## Work instructions
Verbatim copy, images omitted: return the full listing.

## Data section
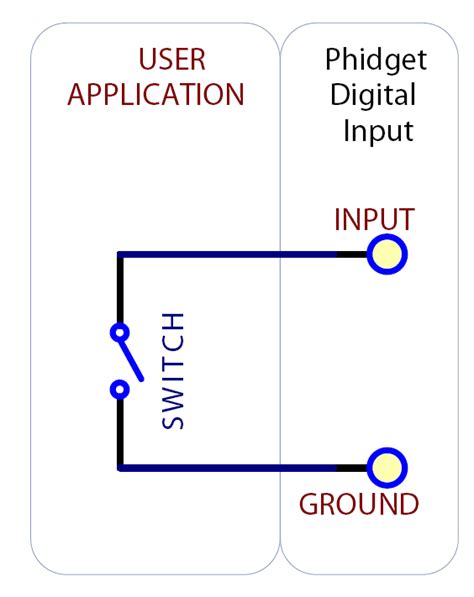 Image result for Serial Digital Input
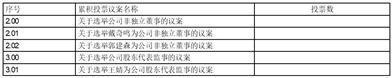 证券代码：603299    证券简称：苏盐井神    公告编号：2024-004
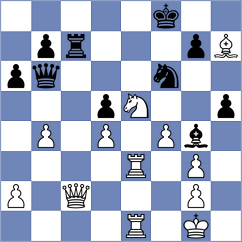 Wang - Zhang (Shanghai CHN, 2024)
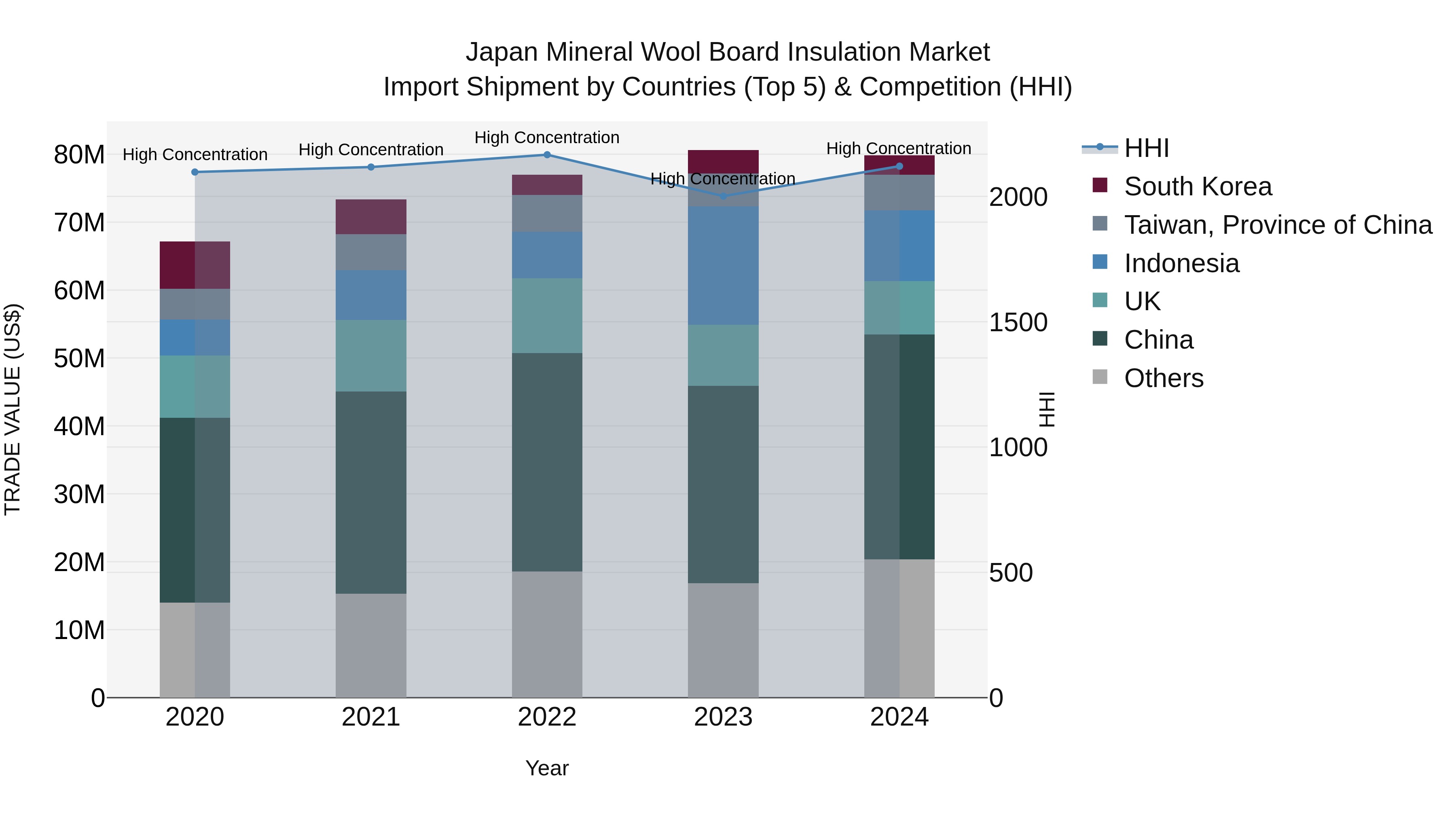 Japan Mineral Wool Board Insulation Market Import Shipment by Countries (Top 5) & Competition (HHI)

## Completed task
 Image result for Serial Digital Input
 证券代码：603299    证券简称：苏盐井神    公告编号：2024-004
 Wang - Zhang (Shanghai CHN, 2024)
 Japan Mineral Wool Board Insulation Market Import Shipment by Countries (Top 5) & Competition (HHI)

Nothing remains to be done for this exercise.